Talk by Jean-Thomas Acquaviva on Jan 09, 2017

Jean-Thomas Acquaviva from DataDirect Networks will give a talk about storage in HPC.
Titre: IME and Managing the transition to Storage System Hierarchy

Abstract:

The current storage software stack is the center of a perfect storm. Only five years ago systems were assembled with clearly identified building blocks, each with its own order of magnitude: CPU –nanosecond, network – microsecond, storage – millisecond.
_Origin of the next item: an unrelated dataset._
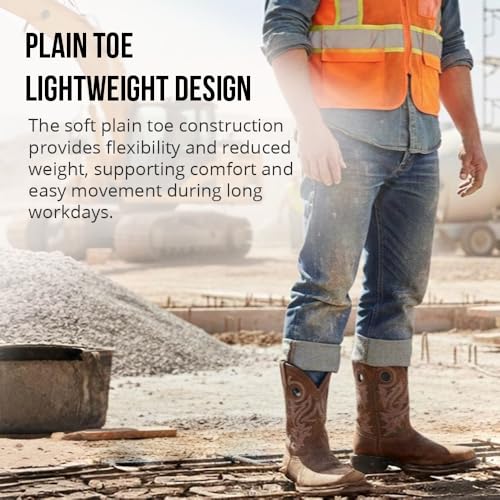 Image of Wolf Work Boots for Men Genuine Leather, Oil and Slip Resistance - Plain Toe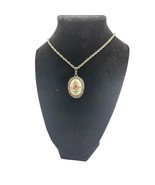 Vintage Ceramic Floral Oval Pendant on Silver Chain 24 inch - £10.36 GBP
But storage devices are filtering down to faster levels, from hard drive to storage class memory, the factor of acceleration is a multiple order of magnitude.
While the hardware landscape has been radically redefined, simultaneously a new ecosystem is flourishing, big data applications exhibit different workloads which are at this time still not well understood by the community.
Thus the storage stack has to deal simultaneously with new and more complex hardware with a deeper hierarchy and new application requirements.
Before rushing to the keyboard, it seems the right time to get more and better quality insights about what’s exactly going on!
The DIO-pro effort is an on-going development at DDN Storage which is trying to build new a set of I/O performance analysis tools. Once an I/O trace has been captured on the client side, we propose to compress it with some structural compression based methods and *replay* it against new hardware.
This is an original way to extrapolate the performance of a given application on different hardware platforms. Doing so opens the path to a better understanding of what is actually needed for future storage platforms. While still being at a prototyping stage, initial results are promising and we hope to trigger the interest of the community on such method.